- Opening Delimiter -

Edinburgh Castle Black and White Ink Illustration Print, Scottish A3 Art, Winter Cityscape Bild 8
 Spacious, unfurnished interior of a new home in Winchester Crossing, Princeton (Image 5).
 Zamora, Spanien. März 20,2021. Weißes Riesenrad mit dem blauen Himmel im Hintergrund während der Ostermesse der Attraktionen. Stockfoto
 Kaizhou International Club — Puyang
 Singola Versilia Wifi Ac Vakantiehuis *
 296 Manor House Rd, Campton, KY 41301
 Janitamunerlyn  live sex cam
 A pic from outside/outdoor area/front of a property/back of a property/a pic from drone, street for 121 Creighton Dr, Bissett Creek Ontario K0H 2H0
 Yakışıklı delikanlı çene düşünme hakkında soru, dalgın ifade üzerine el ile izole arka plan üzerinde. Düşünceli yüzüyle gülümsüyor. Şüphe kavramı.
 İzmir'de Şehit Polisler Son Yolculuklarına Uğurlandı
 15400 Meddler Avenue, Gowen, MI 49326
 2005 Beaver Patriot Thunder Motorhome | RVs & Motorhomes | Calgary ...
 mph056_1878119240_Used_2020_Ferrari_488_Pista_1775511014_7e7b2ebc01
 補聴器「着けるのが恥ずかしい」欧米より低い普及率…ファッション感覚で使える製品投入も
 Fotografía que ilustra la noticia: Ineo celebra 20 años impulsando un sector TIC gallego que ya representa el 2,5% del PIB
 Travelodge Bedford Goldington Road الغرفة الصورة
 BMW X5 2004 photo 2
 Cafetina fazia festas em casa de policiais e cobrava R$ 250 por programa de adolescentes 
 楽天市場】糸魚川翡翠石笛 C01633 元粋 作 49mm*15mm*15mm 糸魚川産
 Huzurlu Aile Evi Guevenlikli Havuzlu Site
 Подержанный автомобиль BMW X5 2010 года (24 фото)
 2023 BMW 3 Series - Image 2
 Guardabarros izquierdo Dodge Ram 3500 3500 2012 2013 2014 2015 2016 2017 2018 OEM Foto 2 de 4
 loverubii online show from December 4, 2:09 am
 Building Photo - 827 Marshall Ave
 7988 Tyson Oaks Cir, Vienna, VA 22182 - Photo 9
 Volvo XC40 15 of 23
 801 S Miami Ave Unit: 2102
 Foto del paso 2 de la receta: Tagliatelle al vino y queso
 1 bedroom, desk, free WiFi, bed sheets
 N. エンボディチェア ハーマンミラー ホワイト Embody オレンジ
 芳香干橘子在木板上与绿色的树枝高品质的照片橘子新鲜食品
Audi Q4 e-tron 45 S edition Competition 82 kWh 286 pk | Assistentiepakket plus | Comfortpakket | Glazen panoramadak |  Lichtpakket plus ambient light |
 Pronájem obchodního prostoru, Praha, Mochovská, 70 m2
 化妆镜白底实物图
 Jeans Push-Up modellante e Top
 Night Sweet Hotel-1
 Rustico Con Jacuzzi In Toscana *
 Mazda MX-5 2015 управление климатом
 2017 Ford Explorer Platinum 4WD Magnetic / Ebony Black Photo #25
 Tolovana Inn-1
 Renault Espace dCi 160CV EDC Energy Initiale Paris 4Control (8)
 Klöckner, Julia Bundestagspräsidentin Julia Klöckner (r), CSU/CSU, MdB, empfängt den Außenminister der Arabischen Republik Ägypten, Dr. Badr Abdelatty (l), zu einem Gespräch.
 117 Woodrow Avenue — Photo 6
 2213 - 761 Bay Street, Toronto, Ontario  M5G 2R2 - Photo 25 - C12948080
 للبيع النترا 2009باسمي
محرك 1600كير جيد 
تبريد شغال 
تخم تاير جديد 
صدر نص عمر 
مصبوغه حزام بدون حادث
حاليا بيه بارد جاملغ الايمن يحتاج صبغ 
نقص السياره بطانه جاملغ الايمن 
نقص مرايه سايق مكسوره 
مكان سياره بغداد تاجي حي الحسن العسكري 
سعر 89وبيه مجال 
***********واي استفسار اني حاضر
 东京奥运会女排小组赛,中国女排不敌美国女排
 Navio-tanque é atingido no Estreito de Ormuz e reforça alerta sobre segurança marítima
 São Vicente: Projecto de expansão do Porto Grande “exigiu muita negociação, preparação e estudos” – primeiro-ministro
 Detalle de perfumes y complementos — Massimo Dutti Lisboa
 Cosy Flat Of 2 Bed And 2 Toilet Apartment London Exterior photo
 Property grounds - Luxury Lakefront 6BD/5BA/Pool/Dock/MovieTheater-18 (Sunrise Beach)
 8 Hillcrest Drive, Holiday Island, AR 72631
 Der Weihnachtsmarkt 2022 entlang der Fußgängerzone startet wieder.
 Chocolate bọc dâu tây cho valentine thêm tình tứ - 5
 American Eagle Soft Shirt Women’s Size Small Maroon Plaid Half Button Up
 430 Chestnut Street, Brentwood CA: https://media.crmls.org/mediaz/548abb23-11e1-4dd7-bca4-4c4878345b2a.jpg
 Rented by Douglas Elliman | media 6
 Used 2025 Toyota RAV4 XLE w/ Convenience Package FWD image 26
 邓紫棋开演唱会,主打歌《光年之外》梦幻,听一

- Closing Delimiter -

- Instructions to follow -
Exactly those lines that run from the start of the listing to the line containing "15400 Meddler Avenue, Gowen, MI 49326" should be output, and no others.

- Task result -
Edinburgh Castle Black and White Ink Illustration Print, Scottish A3 Art, Winter Cityscape Bild 8
 Spacious, unfurnished interior of a new home in Winchester Crossing, Princeton (Image 5).
 Zamora, Spanien. März 20,2021. Weißes Riesenrad mit dem blauen Himmel im Hintergrund während der Ostermesse der Attraktionen. Stockfoto
 Kaizhou International Club — Puyang
 Singola Versilia Wifi Ac Vakantiehuis *
 296 Manor House Rd, Campton, KY 41301
 Janitamunerlyn  live sex cam
 A pic from outside/outdoor area/front of a property/back of a property/a pic from drone, street for 121 Creighton Dr, Bissett Creek Ontario K0H 2H0
 Yakışıklı delikanlı çene düşünme hakkında soru, dalgın ifade üzerine el ile izole arka plan üzerinde. Düşünceli yüzüyle gülümsüyor. Şüphe kavramı.
 İzmir'de Şehit Polisler Son Yolculuklarına Uğurlandı
 15400 Meddler Avenue, Gowen, MI 49326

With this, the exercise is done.